───── DATA FOR ANALYSIS

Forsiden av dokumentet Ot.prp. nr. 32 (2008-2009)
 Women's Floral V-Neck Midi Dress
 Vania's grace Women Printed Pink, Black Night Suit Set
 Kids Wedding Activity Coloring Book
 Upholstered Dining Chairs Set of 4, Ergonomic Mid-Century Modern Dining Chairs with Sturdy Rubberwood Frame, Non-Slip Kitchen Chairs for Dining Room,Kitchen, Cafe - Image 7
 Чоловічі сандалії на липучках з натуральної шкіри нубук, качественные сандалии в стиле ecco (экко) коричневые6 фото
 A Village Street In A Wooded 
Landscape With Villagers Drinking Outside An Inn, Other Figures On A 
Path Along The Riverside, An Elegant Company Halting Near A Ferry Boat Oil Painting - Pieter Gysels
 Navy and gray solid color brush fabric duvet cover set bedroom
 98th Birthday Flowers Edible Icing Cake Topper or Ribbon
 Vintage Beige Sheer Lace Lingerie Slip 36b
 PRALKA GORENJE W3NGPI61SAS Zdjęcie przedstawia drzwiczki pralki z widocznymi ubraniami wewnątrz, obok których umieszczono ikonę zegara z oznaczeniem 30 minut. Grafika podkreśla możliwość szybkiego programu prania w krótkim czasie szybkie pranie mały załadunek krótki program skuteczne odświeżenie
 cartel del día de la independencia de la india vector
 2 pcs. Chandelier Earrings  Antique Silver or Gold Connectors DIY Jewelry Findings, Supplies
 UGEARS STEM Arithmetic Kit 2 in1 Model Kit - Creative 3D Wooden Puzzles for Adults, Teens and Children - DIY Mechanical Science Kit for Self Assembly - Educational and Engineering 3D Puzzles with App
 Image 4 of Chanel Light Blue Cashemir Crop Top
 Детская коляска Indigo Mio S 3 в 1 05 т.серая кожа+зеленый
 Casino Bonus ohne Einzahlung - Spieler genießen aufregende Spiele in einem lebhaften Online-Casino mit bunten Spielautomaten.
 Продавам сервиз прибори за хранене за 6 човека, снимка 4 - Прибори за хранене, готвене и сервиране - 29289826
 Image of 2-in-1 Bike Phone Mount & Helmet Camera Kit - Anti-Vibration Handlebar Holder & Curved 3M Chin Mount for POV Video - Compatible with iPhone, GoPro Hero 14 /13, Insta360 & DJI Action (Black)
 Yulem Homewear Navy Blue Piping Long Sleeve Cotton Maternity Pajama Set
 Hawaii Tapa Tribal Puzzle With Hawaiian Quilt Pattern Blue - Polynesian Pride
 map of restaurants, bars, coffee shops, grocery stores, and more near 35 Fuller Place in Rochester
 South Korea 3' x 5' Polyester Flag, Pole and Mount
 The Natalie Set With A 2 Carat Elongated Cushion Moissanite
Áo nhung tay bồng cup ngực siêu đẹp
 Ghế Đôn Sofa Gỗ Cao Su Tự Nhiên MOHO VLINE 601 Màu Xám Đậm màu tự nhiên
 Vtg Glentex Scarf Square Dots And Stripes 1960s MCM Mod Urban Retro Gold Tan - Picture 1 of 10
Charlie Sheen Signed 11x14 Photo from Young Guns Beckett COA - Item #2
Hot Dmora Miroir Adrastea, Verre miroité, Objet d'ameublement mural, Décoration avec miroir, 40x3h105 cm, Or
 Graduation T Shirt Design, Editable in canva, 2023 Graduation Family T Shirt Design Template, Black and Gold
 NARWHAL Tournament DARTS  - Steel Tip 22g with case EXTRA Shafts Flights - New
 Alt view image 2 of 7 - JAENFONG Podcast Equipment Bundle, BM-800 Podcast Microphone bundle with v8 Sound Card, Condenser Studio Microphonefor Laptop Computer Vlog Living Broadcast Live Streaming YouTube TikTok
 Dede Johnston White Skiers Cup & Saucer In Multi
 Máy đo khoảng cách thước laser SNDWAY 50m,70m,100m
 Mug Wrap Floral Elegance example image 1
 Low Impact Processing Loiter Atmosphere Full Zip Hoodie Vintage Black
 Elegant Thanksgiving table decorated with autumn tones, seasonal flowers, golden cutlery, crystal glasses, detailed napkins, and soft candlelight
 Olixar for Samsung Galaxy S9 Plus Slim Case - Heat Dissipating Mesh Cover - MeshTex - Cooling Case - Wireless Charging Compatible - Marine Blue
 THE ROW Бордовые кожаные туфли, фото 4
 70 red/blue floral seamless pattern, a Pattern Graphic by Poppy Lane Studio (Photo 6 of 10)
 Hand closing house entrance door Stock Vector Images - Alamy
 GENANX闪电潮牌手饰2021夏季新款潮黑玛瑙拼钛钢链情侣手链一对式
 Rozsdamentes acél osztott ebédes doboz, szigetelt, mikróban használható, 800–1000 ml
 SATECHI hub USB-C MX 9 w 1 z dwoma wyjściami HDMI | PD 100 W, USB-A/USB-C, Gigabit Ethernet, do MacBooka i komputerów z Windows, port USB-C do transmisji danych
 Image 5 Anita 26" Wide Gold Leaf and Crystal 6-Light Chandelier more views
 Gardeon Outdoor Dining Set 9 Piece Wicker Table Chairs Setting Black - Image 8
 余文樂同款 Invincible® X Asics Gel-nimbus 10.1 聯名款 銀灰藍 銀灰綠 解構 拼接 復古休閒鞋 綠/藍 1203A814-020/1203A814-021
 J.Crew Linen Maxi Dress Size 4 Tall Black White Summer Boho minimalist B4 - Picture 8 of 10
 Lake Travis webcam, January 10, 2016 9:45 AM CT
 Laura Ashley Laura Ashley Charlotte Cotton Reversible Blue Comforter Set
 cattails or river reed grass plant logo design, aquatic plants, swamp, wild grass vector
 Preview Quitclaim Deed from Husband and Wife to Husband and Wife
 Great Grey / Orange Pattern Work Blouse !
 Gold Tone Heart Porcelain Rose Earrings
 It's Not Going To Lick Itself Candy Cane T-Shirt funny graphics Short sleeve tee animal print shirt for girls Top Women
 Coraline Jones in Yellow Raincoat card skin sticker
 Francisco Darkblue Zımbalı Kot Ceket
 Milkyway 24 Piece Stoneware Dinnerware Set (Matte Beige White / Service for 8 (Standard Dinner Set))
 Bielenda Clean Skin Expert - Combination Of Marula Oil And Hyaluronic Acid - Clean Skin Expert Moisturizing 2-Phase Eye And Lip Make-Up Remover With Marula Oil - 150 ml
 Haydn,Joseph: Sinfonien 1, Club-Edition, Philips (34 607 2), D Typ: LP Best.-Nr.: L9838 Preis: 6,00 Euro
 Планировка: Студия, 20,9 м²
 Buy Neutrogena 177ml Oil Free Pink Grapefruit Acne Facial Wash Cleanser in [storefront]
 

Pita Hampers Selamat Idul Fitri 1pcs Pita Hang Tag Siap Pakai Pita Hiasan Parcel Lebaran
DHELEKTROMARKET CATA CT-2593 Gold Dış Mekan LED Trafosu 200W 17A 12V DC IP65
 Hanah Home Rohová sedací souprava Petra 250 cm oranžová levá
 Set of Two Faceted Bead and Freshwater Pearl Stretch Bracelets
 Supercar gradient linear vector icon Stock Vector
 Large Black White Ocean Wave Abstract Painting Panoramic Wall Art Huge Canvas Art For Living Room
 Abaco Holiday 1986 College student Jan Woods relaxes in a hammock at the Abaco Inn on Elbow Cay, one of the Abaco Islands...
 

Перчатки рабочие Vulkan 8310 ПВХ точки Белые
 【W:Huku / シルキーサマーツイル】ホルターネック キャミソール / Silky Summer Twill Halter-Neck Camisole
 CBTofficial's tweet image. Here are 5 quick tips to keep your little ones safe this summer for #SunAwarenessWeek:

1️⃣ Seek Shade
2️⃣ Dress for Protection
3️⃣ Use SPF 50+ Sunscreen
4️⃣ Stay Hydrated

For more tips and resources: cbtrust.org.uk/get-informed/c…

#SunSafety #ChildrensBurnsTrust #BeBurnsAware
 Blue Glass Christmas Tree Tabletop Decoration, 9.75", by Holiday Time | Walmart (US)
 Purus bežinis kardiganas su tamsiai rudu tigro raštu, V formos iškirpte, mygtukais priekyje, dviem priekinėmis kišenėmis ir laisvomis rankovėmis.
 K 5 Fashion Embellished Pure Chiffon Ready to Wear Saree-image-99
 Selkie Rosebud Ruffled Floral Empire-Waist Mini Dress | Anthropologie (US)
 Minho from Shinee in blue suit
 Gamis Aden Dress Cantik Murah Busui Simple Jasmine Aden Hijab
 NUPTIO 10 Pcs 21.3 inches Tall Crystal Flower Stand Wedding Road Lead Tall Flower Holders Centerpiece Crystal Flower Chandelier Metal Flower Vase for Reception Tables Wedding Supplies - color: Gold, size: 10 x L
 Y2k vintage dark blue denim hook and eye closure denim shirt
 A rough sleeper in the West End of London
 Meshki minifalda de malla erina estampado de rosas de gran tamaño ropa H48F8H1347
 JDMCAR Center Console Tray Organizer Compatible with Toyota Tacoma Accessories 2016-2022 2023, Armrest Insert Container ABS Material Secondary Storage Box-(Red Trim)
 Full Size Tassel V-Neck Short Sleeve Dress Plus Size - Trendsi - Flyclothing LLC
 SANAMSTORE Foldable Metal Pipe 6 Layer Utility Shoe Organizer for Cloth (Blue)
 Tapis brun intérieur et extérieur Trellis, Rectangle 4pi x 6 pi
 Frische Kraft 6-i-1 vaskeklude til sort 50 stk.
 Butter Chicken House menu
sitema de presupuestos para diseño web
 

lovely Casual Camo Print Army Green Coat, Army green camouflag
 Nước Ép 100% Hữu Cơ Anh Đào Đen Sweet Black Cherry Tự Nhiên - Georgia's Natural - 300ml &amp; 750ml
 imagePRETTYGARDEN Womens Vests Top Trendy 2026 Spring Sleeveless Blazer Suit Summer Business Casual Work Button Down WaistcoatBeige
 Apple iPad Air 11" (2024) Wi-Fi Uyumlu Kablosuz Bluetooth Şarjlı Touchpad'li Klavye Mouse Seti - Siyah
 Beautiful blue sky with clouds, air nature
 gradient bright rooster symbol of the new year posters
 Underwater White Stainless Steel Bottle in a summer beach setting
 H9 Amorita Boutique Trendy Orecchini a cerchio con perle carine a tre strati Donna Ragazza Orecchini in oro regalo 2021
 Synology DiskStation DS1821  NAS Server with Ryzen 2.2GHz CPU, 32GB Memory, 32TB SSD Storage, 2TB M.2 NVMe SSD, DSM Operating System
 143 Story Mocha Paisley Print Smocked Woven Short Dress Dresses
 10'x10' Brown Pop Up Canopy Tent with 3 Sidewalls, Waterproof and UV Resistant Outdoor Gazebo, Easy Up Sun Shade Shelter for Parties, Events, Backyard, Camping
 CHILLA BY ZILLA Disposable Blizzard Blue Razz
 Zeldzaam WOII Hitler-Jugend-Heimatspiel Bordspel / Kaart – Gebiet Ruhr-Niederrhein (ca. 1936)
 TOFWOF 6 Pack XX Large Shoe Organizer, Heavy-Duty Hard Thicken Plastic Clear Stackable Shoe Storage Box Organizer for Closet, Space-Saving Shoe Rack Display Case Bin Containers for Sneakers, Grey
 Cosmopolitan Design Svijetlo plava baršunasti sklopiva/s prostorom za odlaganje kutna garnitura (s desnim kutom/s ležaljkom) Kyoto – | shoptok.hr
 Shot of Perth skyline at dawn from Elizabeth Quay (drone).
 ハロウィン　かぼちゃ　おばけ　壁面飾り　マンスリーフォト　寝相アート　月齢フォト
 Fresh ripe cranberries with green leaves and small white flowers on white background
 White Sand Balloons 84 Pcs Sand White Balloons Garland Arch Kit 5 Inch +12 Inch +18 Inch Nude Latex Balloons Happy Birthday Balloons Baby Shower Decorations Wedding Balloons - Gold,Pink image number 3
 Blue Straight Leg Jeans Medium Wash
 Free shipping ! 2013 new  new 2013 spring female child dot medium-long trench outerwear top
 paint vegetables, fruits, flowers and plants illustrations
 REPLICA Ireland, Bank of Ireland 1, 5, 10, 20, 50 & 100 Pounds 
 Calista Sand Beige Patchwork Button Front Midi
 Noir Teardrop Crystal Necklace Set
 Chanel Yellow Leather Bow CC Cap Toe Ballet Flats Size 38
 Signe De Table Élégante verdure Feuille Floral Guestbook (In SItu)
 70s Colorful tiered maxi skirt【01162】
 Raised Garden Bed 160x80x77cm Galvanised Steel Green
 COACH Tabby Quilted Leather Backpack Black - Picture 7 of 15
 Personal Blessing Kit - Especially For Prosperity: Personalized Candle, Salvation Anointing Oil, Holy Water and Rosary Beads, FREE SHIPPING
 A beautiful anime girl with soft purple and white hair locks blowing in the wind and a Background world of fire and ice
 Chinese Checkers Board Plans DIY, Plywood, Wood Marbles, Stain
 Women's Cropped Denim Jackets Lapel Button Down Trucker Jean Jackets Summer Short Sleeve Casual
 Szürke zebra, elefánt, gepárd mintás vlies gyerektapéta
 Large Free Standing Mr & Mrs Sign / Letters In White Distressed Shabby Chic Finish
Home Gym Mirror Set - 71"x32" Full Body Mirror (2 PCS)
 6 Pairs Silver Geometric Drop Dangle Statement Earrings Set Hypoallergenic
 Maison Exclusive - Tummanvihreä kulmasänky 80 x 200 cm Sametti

──────────

GOAL OF THE EXERCISE »
Within the material above, transcribe exactly the lines that run from the line holding "Alt view image" through the line holding "Low Impact Processing".

REPLY TO THE TASK »
 Alt view image 2 of 7 - JAENFONG Podcast Equipment Bundle, BM-800 Podcast Microphone bundle with v8 Sound Card, Condenser Studio Microphonefor Laptop Computer Vlog Living Broadcast Live Streaming YouTube TikTok
 Dede Johnston White Skiers Cup & Saucer In Multi
 Máy đo khoảng cách thước laser SNDWAY 50m,70m,100m
 Mug Wrap Floral Elegance example image 1
 Low Impact Processing Loiter Atmosphere Full Zip Hoodie Vintage Black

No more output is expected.